Partirei da alcuni punti sui quali credo si possa convenire.

In primo luogo, credo che oggi possiamo dare per scontato il fallimento della tesi “rivoluzionaria”. Infatti, se dopo cento anni la rivoluzione non c’è stata, possiamo tranquillamente sostenere che avevano ragione i riformisti, aveva ragione Turati. Almeno nel nostro Paese, al netto del periodo della lotta armata delle Brigate Rosse, sconfitte anch’esse, la violenza non ha svolto alcun ruolo  ed è stata respinta dalla stragrande maggioranza dei cittadini. Il socialismo italiano, ma anche quello afferibile al Partito Comunista, è stato quasi da subito di matrice riformista, scegliendo come sede del confronto il terreno democratico.

Il socialismo, infatti, è un cammino, un progetto sociale, che per la sua riuscita necessita di fatica, comprensione e richiede che i destinatari, che poi sono i veri protagonisti di questa forma di governo, cioè i cittadini, siano sufficientemente maturi, per poterlo fare proprio, condividerlo, alimentarlo e difenderlo.

La cosa che più importa, però, secondo me, risiede nel fatto che forse  il socialismo si è prestato molto spesso alle più disparate letture ed applicazioni pratiche, spesso allontanandosi dalla realtà oppure fornendo letture della realtà che più si confacevano a quanto si voleva sostenere.

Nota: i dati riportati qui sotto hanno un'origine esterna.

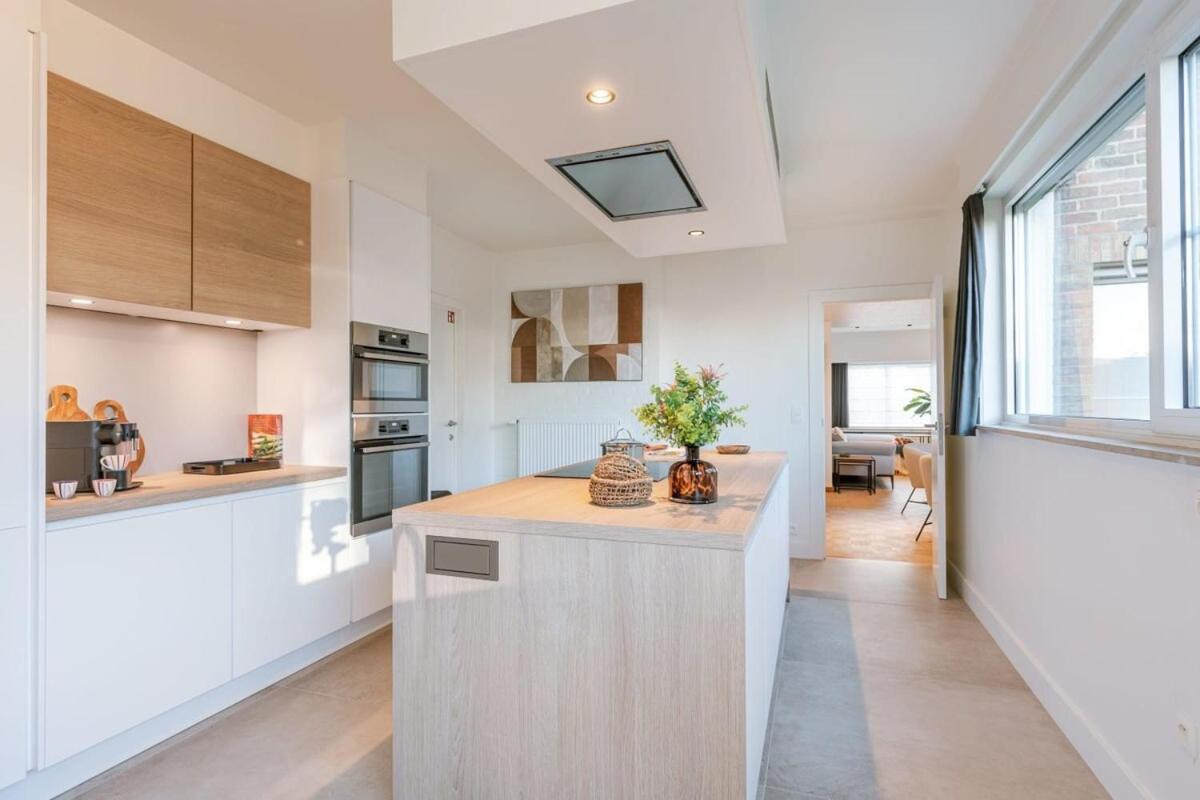 Huswell - Spacious House With Sunny Garden * Brujas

Quella della fazione comunista di Livorno  fu una scelta sbagliata, colpevolmente velleitaria che, di fatto, assieme ad altre cause e componenti, facilitò l’ascesa del fascismo.

Spesso, negli anni, mi sono chiesto quale fosse la differenza tra socialismo e comunismo.

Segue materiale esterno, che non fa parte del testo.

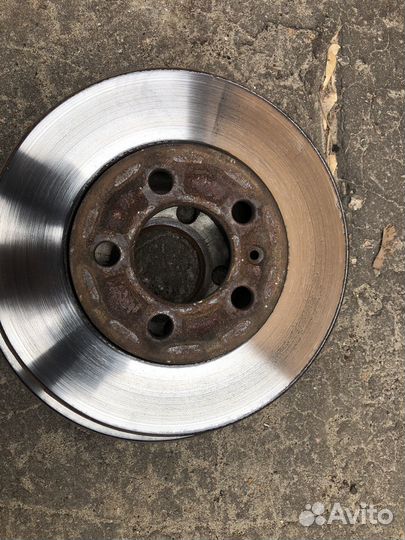 Тормозные диски на volkswagen Polo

A tal proposito Claudio Martelli ha risposto, qualche giorno fa sostenendo che la differenza risiedeva nella “Russia”.

Come contraddirlo?

E’ evidente, infatti, che  l’internazionale e la presenza costante della Russia bolscevica hanno influito molto sulle decisioni scissioniste ma furono presenti anche dopo, negli anni a venire.

Per me,  la differenza, così bene sintetizzata da Claudio Martelli, sta nella libertà: il socialismo è un cammino libertario, ripudia la violenza ed è aperto all’ascolto ed al confronto, non pretendendo alcun primato delle idee ma misurandosi faticosamente sulle stesse; non settorializza la platea dei cittadini ma fa sintesi tra le loro differenze, in favore deli ultimi e delle classi oppresse ma non solo.

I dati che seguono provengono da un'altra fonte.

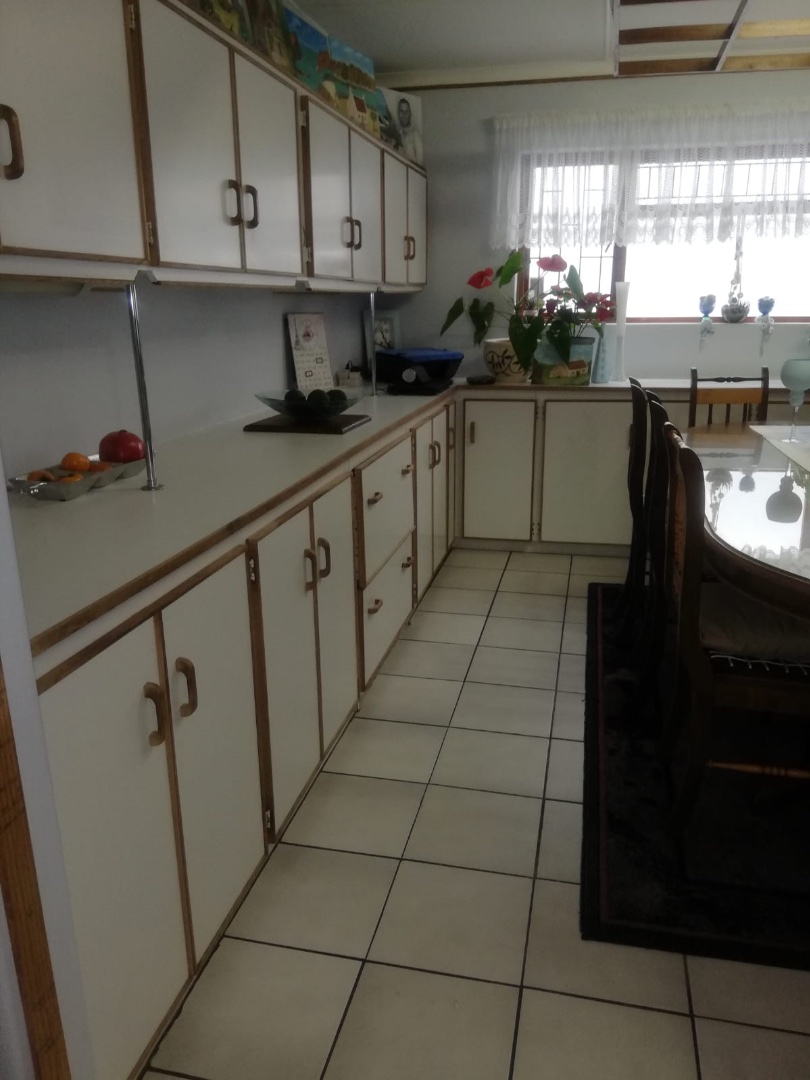 6 Bedroom Property for Sale in Mossel Bay Ext 15 Western Cape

Oggi, affrontiamo sfide diverse, viviamo una realtà frammentata, pericolosamente incerta e lo facciamo senza strategia e senza visione. Perchè, negli anni che sono seguiti allo sciagurato congresso,  si sono anteposti interessi e visioni personali, lasciando il nostro Paese orfano di una forza socialista, progressista e verde, che doveva tenerci uniti, nel rispetto delle nostre differenze e non “Gli un contro gli altri armati”.

Forse partire da macro categorie potrà aiutare a coagulare ancora una volta espressioni politiche progressiste, labouriste e ambientaliste: un tentativo necessita di essere posto in essere con tempestività e responsabilità.

Penso spesso che  chi si interessa dell’altro, i cattolici direbbero del prossimo, non può che essere socialista!

Intorno a valori come questo, forse si può ripartire. Non lo so. Lo spero. Me lo auguro.